As Jackson has observed, based on one's ethnicity, evangelical Christians have a tendency to gravitate toward either righteousness or justice issues – that is, speaking out on marriage and life issues or advocating for the poor, imprisoned and other marginalized members of society.

"So blacks often look at their engagement in culture through the lens of justice and they want to see biblical justice in the world," said Jackson.

"Many times, on the other side though, white evangelicalism predominantly see these matters of righteousness…but they often minimize and don't engage as much around the justice issues. So there's always this tension of one group saying of the other, 'Well if you were really, really, really sincere in your faith, then you would see how important dealing with immigration reform is."

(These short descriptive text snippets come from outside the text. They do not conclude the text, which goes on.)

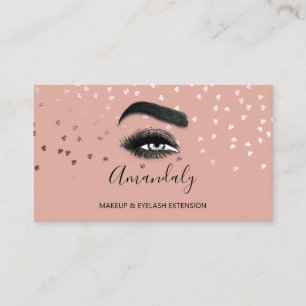Makeup Artist Eyelash Logo QRCODE Rose Confetti Visitenkarte
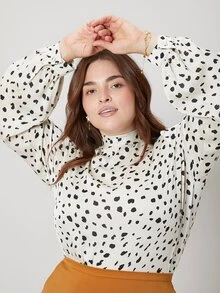 SHEIN Plus Balloon Sleeve Top - Black and White - View 7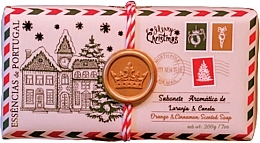 Fragrances, Perfumes, Cosmetics Orange & Cinnamon Soap - Essencias De Portugal Christmas Village Postcard Soap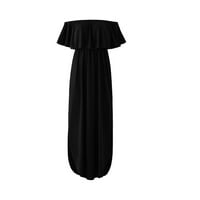 Homchy haljina za žene Solid Boja Velika veličina Easy Ruffles Ravne rame Lnserting Bare haljina
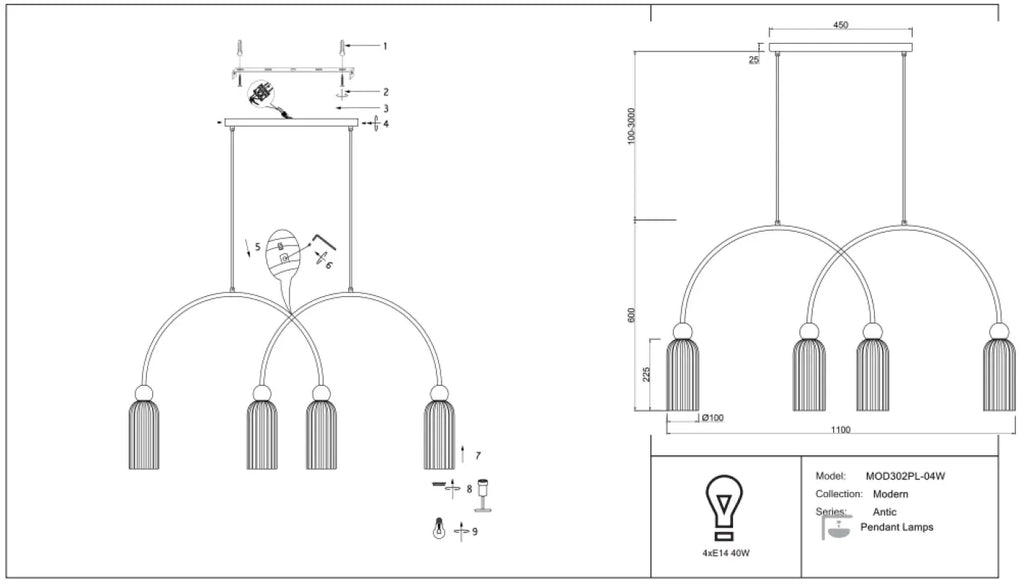 Suspension linéaire 4 lumières en verre strié, barre dorée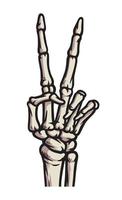 peace sign skeleton hand illustration vector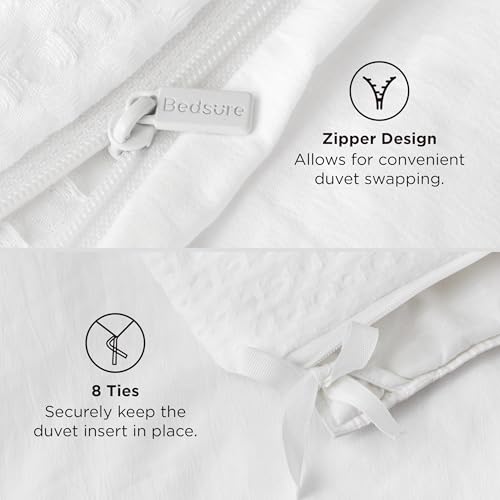 Bedsure Luxury Waffle Duvet Cover Queen Size - Textured Duvet Cover Set, Soft, Breathable Bedding Set (90"x90") with 2 Pillow Shams for All Season, Pure White, Comforter Not Included Bedsure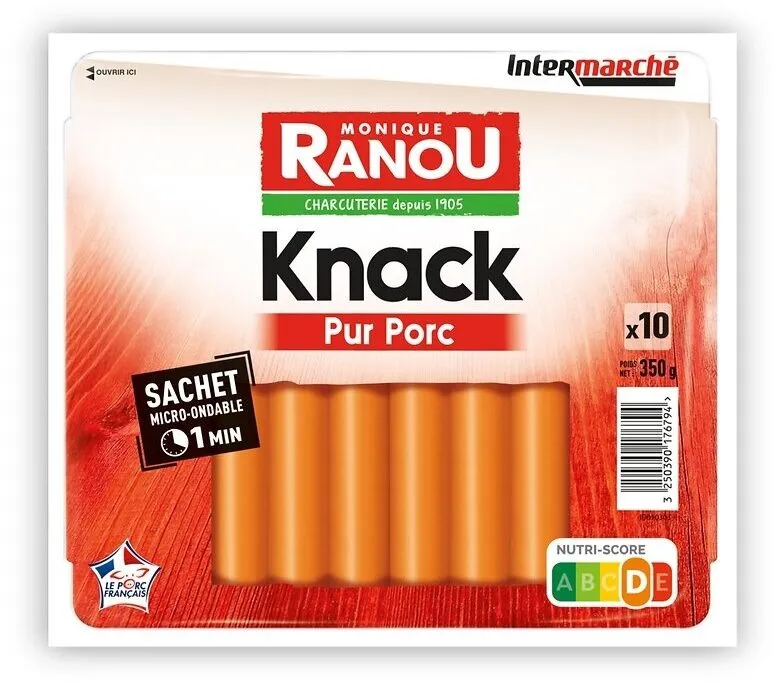 Knacks porc x10 350g
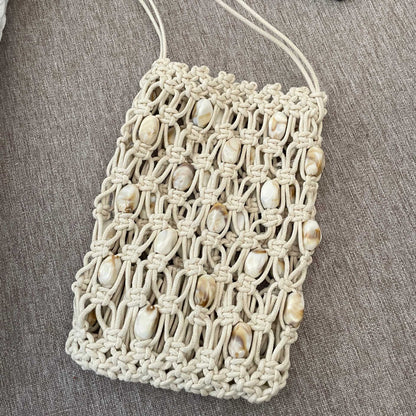Handgeknüpfte Umhängetasche mit Muscheln Brehn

Reconciliation on these two tenets of the Gospel is possible, according to Jackson, when Christians of all stripes worship together, develop relationships together, walk together and live out the fellowship they may enjoy inside churches "more dynamically in the marketplace, and engage in the culture."

The Pentecostal bishop and his partners say a new church plant in the Orlando, Fla.-area, scheduled to make its official debut in January 2014, embodies that vision and will hopefully serve as a catalyst for driving the Christian Church toward a new type of engagement and activism. Jackson and his team anticipate that those more inclined to issues of righteousness will be the first ones to walk through the doors of Hope Connexion Orlando, while they believe minority members will eventually follow suit.

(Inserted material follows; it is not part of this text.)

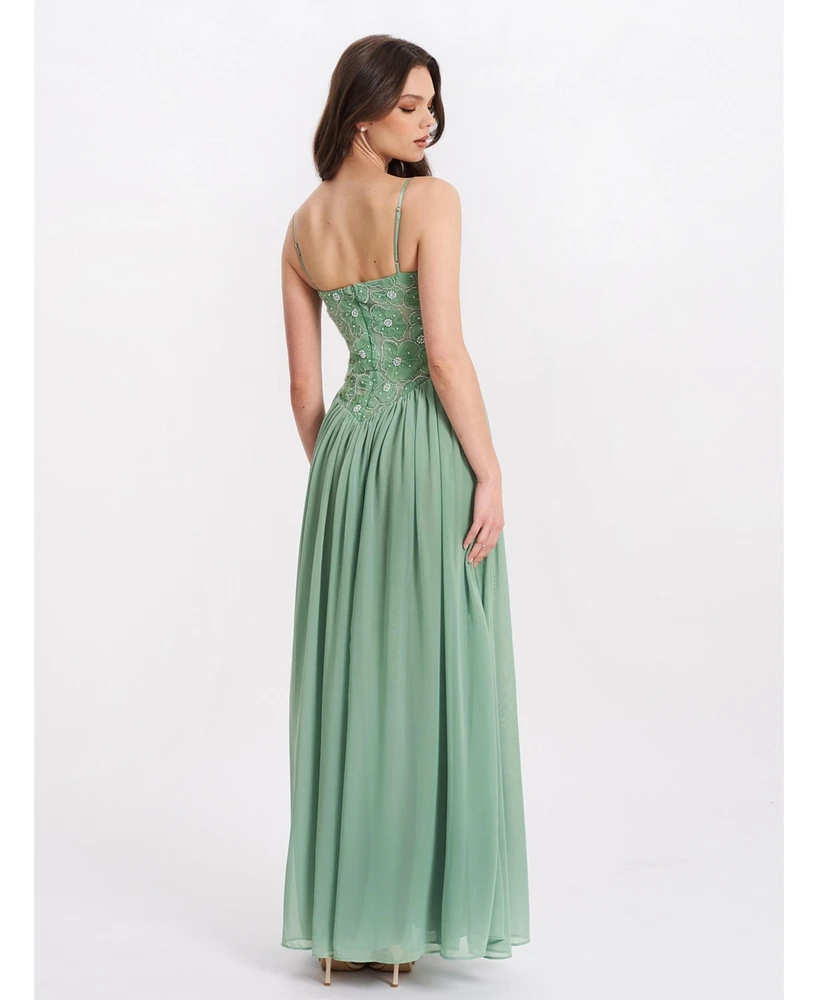 Miss Circle Women's Ucille Sage Green Embroidered Chiffon Maxi Dress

"We believe [that] in this area…because of the area we're moving in, it's predominantly a Caucasian community although it is interracial, yes. We believe white Americans would be attracted to the church and probably come in the door first, but please know that our vision is to reach all types of people and to have a multiracial church," clarified De Powell when asked about intentionally targeting white residents. Powell, an HILC representative and also a member of Jackson's Hope Christian Church, relocated from D.C. to Florida to work with ministry strategist Doug Murren in getting Hope Connexion Orlando off the ground.

Although the church plant in Orlando is new and its focus on growing a multiracial congregation uniquely intentional, Bishop Jackson believes his previous experience can help fulfill the current model he's pursuing.

Jackson and his wife founded a congregation over 30 years ago in upstate New York that broke ground due to the fact that he was a black man leading a congregation that was 95 percent white, with a "handful of African-Americans." That reality was so jarring to some in the Corning, N.Y., community that Christian Hope Center, as it is still called and now under white leadership, endured being labeled a "cult" at its start and dismissed by some as "that black church."

"Some people even got written out of the wills of their families and were ostracized – again you're talking 1981," said Jackson. "But the church took hold and did very well. The converts stayed true, stayed strong."

Such a congregation "was definitely considered radical in those days because in 1981, black people and white people just didn't go to church together," he added, noting cultural differences, worship styles and segregation laws as some of the factors in why he believes the black Church was "orphaned by the white-led church in America."

Growing Church Diversity Trend

According to a June 2009 report from the National Congregations Study, predominantly white congregations have become slightly more diverse, although much of the diversity is attributed to changes in Catholic parishes and growing Hispanic and immigrant populations. If a congregation is comprised of more than 80 percent of a single racial group, then it is lacking diversity, according to the NCS. The percent of congregations with more than 80 percent white participation, the organization reports, dropped from 72 percent to 63 percent between the period of 1998 and 2006-2007. The trend is reflected in congregations that show an increase in some Hispanic, immigrant, Asian and African-American participation.